Analysis of census data by The Australian’s social editor Bernard Salt reveals independent grandchildren choosing to live with their grandparents are among the fastest-rising household groups, growing by 28 per cent to 29,000 people in 2011.
Almost 60,000 grandchildren were living with their grandparents, including those being cared for by them, a number that rose by more than one-fifth.
Australia’s population grew by 8.3 per cent in the same period.
“These arrangements might come about due to a breakdown in the parental relationship,” Mr Salt said.
“But grandparent-grandchild living arrangements might also derive from the fact that grandchildren are today increasingly likely to shuffle between the parental home and a grandparent as places to live in order to pursue study or career opportunities.”
As the cost of living rises, particularly in the big cities, family ties are being invoked to spread the burden. “The rise of familial ties as a driving force to household formation goes beyond the grandparent-grandchild relationship,” Mr Salt said.
“Not only are Generation Y adult children increasingly likely to live with their parents well into their 20s but a rising number are now choosing to live their brother or sister.
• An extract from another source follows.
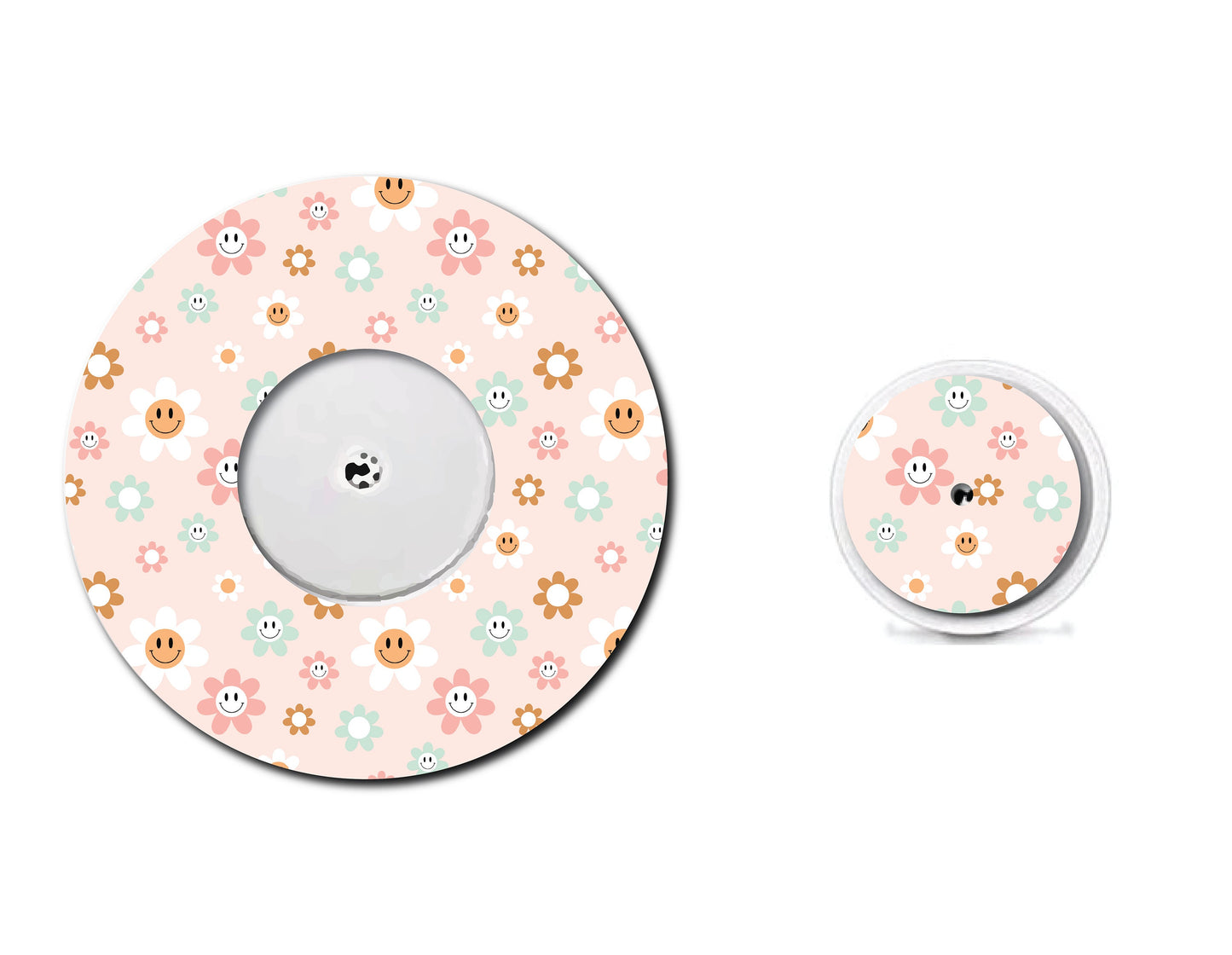 Happy Retro Flowers CGM Set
On the one hand this is evidence of the loving strength of family ties. On the other hand, this might be a practical response to the need for extended parental support: if a brother and sister live together then there is better scope for financial support for that household from the parents.”
There may also be cultural dividends, according to Mr Salt, from migrants of an Asian or Mediterranean background, whose upbringing places a particular emphasis on keeping generations of families close together, often under the one roof.
Other notable rises in living arrangements occurred in same-sex de facto couples, increasing by 30 per cent for men and 34 per cent for women.
Lone-parent families rose almost 10 per cent while married couples were still the most common living arrangement, accounting for about 7.6 million people. The number of siblings choosing to live together outside the family home also rose by more than 14 per cent, to more than 215,000.